- Born: Mbaruku Harrison Ngunjiri Maina Kenya
- Occupation: Musician
- Years active: 1997–present

= Hardstone (musician) =

Kenyan musician (born 1977)

Hardstone (real name Mbaruku Harrison Ngunjiri Maina, born August 17, 1977) is a Kenyan musician. His music is a mixture of ragga, reggae and hip hop. He sings in English, Swahili and Kikuyu languages. He is a pioneer urban style artist in Kenya and topped the Kenyan music scene for a while in the late 1990s.

He emerged in 1997 with popular hit "Uhiki" and an album named Nuting but de Stone, produced by Tedd Josiah of Sync Sound Studios and released internationally by German-based Kelele Records. Guest artist on the album were Fiona Mungai (of Shadz O'blak) and Eric Wainaina. The album contained two versions of Uhiki: his original, and Pinye's remix. The latter version contains samples of Sexual Healing by Marvin Gaye. At the 1997 Kisima Music Awards, Hardstone won the "Best new artist of the year" category.

He recorded a second album, Ziwe Nkulu, which remained unreleased when he moved to the United States in 1998. He left Kenya to advance his career, and in 2003, he released the album Hardstory. The song "Uhiki (Pinye's remix)" was also on the African Groove compilation released by Putumayo World Music in 2003.

In 2008, he recorded the 12-track album Stone Republic on Vigintillion Records.
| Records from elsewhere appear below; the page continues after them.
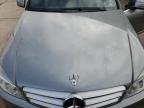 2010 Mercedes-Benz C 300 de vânzare în Anthony, TX - Side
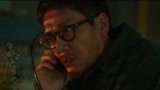 《致命愿望》那多和小唤通完电话 他突然想到了什么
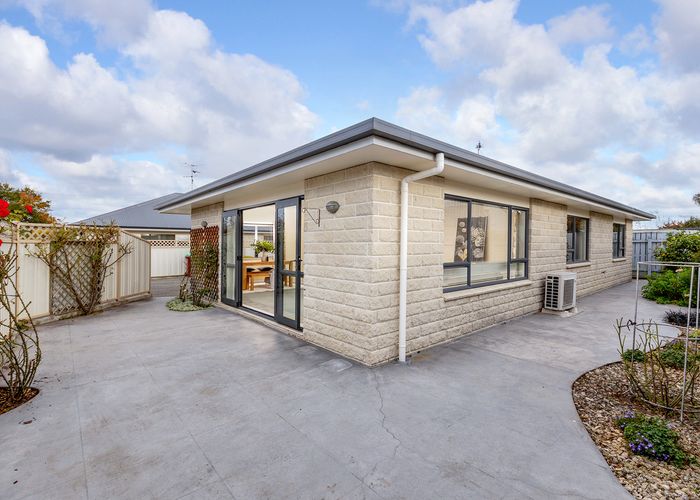  at 6A Bunny Street, Masterton, Masterton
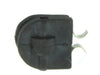 Disc Brake Pad Wear Sensor Centric Parts 116.34008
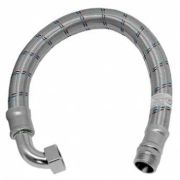 Подводка угловая д/воды в/н 300см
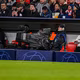 Champions League, dove vedere la prima giornata in TV: Sky, Mediaset, Amazon e streaming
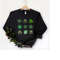 MR-1992023145610-shamrocks-st-patricks-day-sweatshirt-shamrock-sweater-image-1.jpg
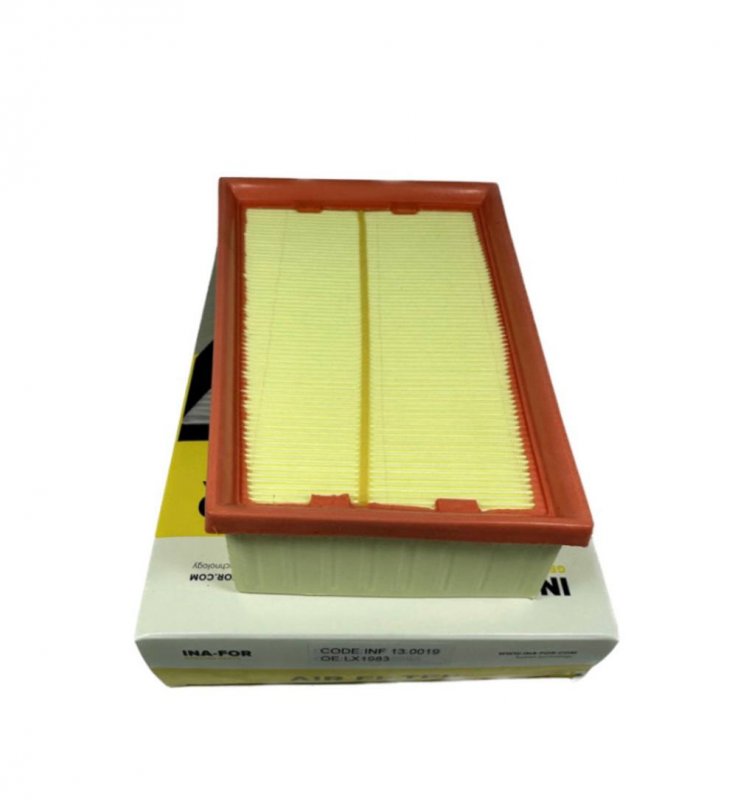 Nissan QaskaiiI, X-Trail; Renault Koleos I 1.6-2.0D 02.07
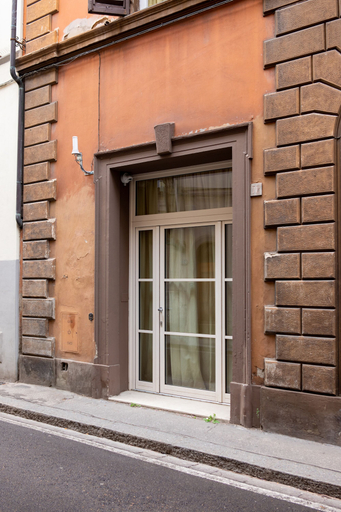 Exterior & Views, Boboli's Garden, Florence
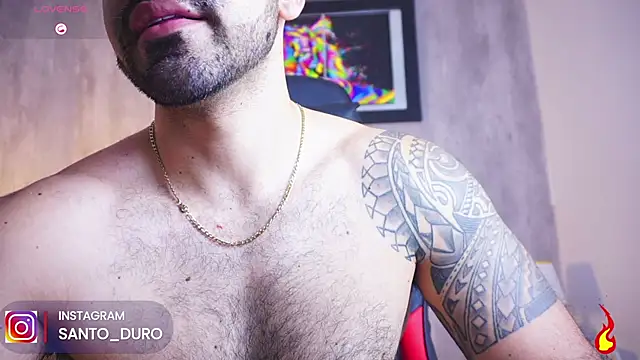 Snapshot of king_hard chatting on March 7, 10:01 am king hard online show from March 7, 10:01 am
Featuring the music of Hardstone, the Godfather of Kenyan Hip Hop, with producers including Edward "Eddie Hands" Rollins, and Paul "Arkitekt" Himmel.

In 2010, Hardstone created "Stone Island Entertainment" an Independent Record Label.

On 9 March 2015, he landed a recording deal with Atlantic Records, making him the first East African to sign for the label.